It is not just in cities where mayors are using hi-tech sensors, video cameras and numberplate recognition. Smaller communes are also investing in cameras in the hope they will recoup the costs when they are allowed to collect fines directly from 2018.

Most drivers know about the car-mounted speed cameras that can flash speeding cars travelling in either direction but these – and others – may soon be linked to a database to detect drivers driving without insurance.

With 6% of fatal road accidents involving uninsured drivers, Prime Minister Manuel Valls wants the technology to take action against the 750,000 uninsured vehicles.

He pushed for a law going before the National Assembly this month to create an insurance database to be linked to police cars fitted with numberplate recognition.

Uninsured drivers face a €3,750 fine and the vehicle may be confiscated. Elsewhere, communes are:

  • Fitting electronic sensors in parking spaces to alert police if drivers over-stay their time
  • Using cameras at blackspot junctions to spot and fine drivers who do not stop
  • Fitting cameras to police vehicles so officers can document and fine parking violations as they drive past.

The government also wants to privatise the unmarked speed camera cars that last year flashed 1.5million times – and increase their number from 319 to 440 in a bid to slow down the speeding motorists it blames for many of the 3,464 deaths on the roads last year.

However, plans to change the parking fine system – by decriminalising the offences and allowing local councils to set their own fine levels from October this year – have been delayed until at least 2018. It is a blow for communes keen on the potential revenue but also to get traffic moving.

Parking fines are set at €17 across the country but many councils and drivers see it as little deterrent. In Paris only 10% of drivers bother paying the €4/hour parking fee as they see little risk of facing a €17 parking fine. Paris had hoped to increase the fine to at least €40.

Once the new system does come into force in 2018, communes will have to change their parking meters with the cost paid by local taxes plus the increased parking fines.

Pierre Chasseray, of drivers’ group 40 Millions d’Automobilistes, said the use of ‘video cameras shows they have not solved the root problem’.

“People park in the wrong places because there is not enough parking,” he said.

“Using numberplate recognition is a catastrophe. It is just a way to hand the job to private companies – and means the government and mairies are only interested in money.”

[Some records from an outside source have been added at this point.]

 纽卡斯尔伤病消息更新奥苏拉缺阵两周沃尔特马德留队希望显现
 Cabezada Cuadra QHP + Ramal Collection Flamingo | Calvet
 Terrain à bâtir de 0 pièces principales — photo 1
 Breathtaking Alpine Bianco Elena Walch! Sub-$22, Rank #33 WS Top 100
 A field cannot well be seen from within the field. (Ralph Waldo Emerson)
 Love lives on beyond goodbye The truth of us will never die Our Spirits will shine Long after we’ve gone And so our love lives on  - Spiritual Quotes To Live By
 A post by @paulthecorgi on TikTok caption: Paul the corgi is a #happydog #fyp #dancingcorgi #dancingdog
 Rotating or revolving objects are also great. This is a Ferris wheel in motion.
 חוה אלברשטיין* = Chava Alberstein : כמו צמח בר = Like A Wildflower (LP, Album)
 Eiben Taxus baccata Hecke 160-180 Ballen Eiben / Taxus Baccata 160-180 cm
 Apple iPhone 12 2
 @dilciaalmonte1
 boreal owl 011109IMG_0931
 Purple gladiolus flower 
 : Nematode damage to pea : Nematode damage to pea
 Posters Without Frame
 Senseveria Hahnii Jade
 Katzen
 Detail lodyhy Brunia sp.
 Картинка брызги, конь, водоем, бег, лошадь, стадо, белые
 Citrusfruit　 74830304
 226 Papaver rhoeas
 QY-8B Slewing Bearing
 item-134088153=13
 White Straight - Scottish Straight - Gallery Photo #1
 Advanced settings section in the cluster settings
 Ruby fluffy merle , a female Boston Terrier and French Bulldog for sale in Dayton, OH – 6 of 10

Many mayors want to do both: free up parking while also raising income through fines.

In Vic-en-Bigorre in Haute-Pyrénées, newly-renamed “free shared parking” spaces are fitted with electronic sensors to tell officers by smartphone if a vehicle is parked for too long.

In Yerres, Essonne, the mairie set up a camera and automatic numberplate recognition system at a junction where vehicles ignoring the Stop sign caused numerous accidents.

On its first day it spotted 500 violations – with each facing a €135 fine – and cities such as Marseille are interested, especially for pedestrian crossings.

In Seine-Saint-Denis, some police cars have been fitted with cameras and numberplate recognition so illegally parked vehicles can be reported. Police say they can issue 10 times the number of tickets as officers on foot – up to 15,000 in March.

Police drive through the city snapping vehicles on yellow lines, cycle paths, pedestrian crossings with no need to stop as an electronic traffic ticket is automatically sent to the owner’s address.

Unsurprisingly, other councils are keen on the technology as fines can bring in €35 for double parking or €135 for parking on a pedestrian crossing – while also forcing drivers to change their habits.